16. As a result, the petition, as said before, is finally partly allowed to the extent the dismissal order is invalidated on certiorari to sub-serve immediately the ends of justice. The petitioner will be reinstated to service by mandamus. One post is lying vacant due to interim orders which presents hardly any difficulty to implement the interim and final orders forthwith and definitely by October 28, 2016. It is so ordered and directed to be done respondent State of Haryana.
17. For the remaining consequential prayers, the case is adjourned to 21.12.2016.
18. Let notice issue to the ex- management/society respondent/counsel for the date fixed."
(2.) The Delhi Public School Society was not made a party and only the Director of the School was impleaded as the 4th respondent. The name of the school has been changed long ago and Mr.
Shireesh Gupta, learned counsel who appears for the ex Director on notice issued by this court
explains that though the dismissal order was passed by the Director but he was not personally
responsible nor can be made liable in terms of money on a claim for arrears of salary as a result of
setting aside the order and reinstating the petitioner to service.
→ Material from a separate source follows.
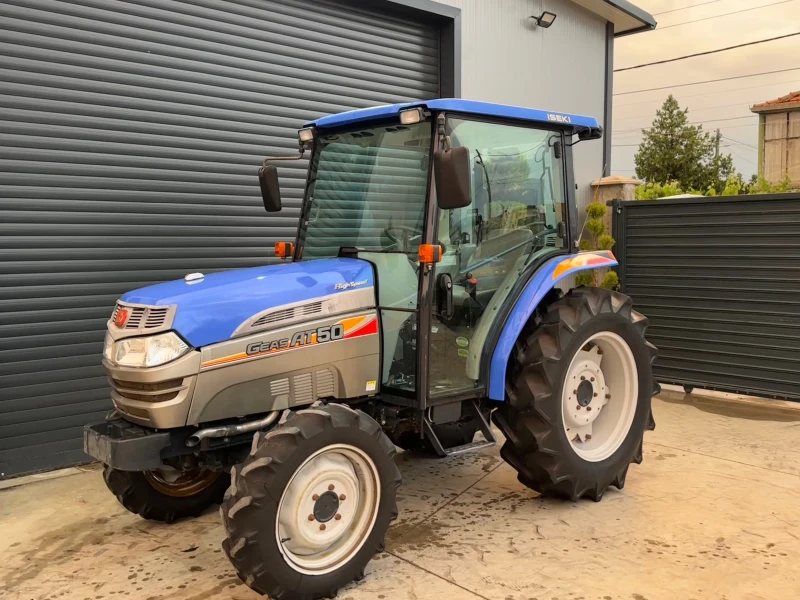 Трактор ISEKI АТ50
Monetary claims, if any, may not lie against the Director personally but against the Society which
once ran the school. However, no final opinion is expressed on the point since this Court is inclined
to think that having passed the order dated September 30, 2016 and the fact confirmed by the
counsel for respondent No.3 that the order has been implemented and become final and the
petitioner reinstated to service, then for monetary claims the petitioner would have to be relegated
to his remedy before the civil court etc. or the Educational Tribunal, as the case may be, where his
rights can be determined on evidence and in the presence of the necessary parties.